Records shown
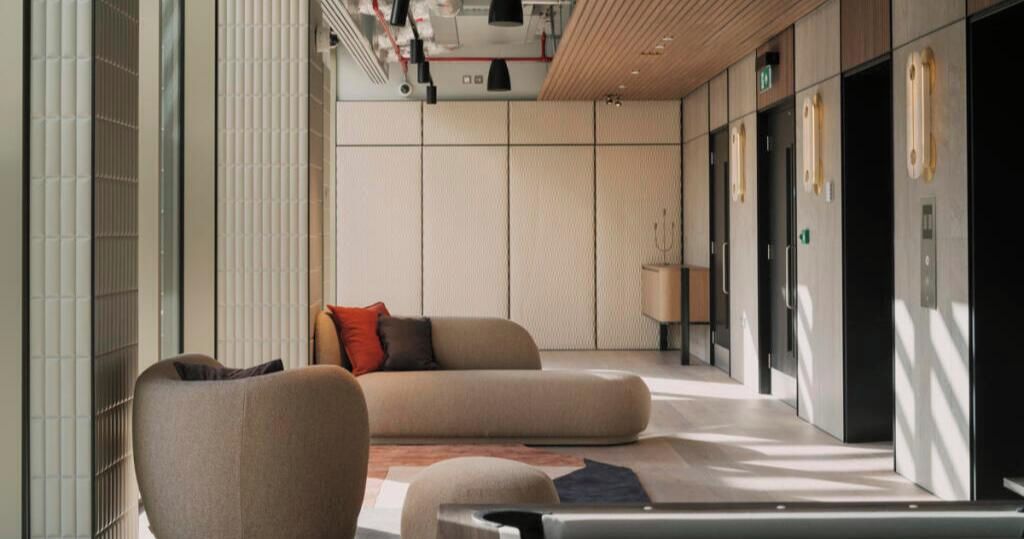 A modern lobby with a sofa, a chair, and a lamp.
...
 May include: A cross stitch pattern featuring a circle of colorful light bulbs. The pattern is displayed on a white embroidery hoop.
...
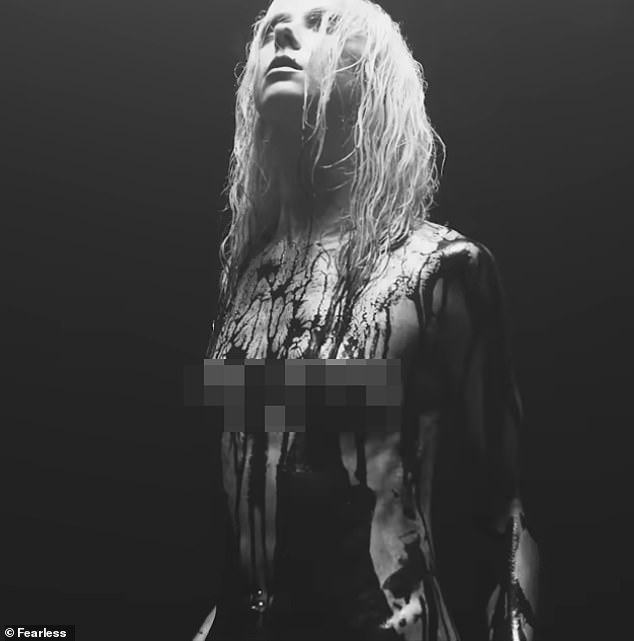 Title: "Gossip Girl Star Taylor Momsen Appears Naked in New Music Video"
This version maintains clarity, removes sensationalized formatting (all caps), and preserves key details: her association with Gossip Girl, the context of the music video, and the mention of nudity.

Required action
Would you print exactly the lines in the listing above, from the line bearing "Girl Star Taylor" through the line bearing "This version maintains", leaving out all pictures?

Task solution
 Title: "Gossip Girl Star Taylor Momsen Appears Naked in New Music Video"
This version maintains clarity, removes sensationalized formatting (all caps), and preserves key details: her association with Gossip Girl, the context of the music video, and the mention of nudity.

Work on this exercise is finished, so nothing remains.